What you should do →
Write out again, exactly, the lines below starting at the one with "UIXE Upholstered Plush" and ending at the one with "Shark Navigator Robot".

Data extracts →
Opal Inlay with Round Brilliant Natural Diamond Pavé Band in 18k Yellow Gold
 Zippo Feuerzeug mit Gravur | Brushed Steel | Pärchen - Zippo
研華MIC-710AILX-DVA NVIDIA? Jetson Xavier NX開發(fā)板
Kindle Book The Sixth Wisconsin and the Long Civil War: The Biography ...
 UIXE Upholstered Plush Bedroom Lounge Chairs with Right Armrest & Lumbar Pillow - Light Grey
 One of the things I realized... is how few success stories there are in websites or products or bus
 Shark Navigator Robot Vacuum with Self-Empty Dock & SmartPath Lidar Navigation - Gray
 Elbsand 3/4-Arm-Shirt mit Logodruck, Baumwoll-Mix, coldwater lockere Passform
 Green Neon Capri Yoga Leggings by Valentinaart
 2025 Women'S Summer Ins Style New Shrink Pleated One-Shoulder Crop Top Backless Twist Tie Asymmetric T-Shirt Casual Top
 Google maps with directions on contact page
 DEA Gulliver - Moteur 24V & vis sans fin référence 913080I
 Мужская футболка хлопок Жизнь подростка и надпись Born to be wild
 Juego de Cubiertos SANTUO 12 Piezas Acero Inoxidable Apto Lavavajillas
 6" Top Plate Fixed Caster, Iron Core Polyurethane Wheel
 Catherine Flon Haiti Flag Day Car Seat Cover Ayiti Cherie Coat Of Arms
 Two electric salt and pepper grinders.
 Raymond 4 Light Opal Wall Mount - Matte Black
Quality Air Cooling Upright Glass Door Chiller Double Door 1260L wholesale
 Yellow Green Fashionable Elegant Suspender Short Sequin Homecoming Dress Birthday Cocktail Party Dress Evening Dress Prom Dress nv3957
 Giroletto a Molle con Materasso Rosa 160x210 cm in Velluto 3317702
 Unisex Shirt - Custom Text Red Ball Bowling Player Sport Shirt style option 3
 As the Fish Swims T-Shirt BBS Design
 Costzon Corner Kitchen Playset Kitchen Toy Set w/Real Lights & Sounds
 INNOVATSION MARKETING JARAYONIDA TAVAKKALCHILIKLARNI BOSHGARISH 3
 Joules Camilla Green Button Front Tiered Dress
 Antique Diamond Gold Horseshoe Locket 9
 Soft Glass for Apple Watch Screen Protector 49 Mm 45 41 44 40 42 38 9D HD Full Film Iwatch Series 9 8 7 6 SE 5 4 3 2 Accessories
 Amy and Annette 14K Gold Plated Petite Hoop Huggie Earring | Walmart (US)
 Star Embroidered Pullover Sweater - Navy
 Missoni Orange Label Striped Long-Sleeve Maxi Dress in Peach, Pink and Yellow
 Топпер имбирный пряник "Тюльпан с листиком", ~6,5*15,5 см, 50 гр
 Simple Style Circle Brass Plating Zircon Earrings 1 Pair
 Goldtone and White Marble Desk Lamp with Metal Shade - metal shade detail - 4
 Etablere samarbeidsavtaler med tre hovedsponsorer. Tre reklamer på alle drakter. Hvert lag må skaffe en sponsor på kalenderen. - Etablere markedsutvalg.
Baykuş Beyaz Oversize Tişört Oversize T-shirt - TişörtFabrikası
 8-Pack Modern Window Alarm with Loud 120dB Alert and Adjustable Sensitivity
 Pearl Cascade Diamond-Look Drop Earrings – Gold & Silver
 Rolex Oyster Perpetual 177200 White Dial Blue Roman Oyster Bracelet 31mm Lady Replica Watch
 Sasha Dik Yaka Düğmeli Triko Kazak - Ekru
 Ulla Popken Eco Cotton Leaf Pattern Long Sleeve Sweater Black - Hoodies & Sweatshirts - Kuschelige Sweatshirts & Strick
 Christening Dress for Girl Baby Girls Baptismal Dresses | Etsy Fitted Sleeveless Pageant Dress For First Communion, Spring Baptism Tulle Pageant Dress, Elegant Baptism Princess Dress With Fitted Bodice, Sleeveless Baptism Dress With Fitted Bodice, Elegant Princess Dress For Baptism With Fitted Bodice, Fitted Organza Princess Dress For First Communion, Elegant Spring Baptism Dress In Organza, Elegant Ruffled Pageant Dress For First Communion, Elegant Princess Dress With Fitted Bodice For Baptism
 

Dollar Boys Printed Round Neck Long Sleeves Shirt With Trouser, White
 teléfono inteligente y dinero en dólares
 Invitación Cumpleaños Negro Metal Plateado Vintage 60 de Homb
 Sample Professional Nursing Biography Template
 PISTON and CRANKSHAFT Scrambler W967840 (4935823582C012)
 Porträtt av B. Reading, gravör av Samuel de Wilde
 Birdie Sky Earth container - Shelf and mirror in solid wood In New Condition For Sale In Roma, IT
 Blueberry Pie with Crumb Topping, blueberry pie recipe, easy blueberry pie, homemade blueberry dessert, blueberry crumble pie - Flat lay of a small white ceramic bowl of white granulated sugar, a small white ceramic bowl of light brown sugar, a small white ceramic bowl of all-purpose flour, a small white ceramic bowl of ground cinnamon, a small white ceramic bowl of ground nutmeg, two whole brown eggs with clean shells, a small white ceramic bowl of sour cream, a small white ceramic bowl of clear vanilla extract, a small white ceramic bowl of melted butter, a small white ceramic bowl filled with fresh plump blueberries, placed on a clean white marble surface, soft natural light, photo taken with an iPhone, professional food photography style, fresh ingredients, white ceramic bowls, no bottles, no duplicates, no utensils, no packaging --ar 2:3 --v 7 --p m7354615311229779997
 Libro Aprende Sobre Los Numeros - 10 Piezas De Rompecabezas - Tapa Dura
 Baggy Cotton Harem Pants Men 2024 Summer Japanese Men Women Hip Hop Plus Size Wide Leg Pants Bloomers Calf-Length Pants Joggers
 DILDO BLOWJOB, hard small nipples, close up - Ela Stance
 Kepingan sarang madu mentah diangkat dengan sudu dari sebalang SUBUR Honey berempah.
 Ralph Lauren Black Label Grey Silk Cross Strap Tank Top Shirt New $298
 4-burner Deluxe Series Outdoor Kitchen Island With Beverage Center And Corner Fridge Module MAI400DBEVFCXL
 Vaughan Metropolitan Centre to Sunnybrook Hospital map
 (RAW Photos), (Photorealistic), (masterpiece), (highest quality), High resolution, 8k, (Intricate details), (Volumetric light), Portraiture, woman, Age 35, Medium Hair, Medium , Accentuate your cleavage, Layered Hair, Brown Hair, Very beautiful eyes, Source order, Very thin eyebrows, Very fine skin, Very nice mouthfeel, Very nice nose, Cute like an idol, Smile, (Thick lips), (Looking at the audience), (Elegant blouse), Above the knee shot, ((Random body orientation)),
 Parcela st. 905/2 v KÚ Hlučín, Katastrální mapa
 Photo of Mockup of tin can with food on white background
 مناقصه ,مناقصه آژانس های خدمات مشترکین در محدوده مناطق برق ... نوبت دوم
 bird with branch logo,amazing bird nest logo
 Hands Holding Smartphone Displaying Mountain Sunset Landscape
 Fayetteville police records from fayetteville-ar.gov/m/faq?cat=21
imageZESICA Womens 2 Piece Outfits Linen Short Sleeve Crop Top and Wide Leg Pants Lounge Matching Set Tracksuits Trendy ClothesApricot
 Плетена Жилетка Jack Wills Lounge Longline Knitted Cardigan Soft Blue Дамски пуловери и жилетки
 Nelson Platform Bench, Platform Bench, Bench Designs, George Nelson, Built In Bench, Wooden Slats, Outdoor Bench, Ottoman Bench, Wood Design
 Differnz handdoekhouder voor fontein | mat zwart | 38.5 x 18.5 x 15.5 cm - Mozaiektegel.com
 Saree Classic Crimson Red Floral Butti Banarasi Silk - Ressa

Solution to this task →
 UIXE Upholstered Plush Bedroom Lounge Chairs with Right Armrest & Lumbar Pillow - Light Grey
 One of the things I realized... is how few success stories there are in websites or products or bus
 Shark Navigator Robot Vacuum with Self-Empty Dock & SmartPath Lidar Navigation - Gray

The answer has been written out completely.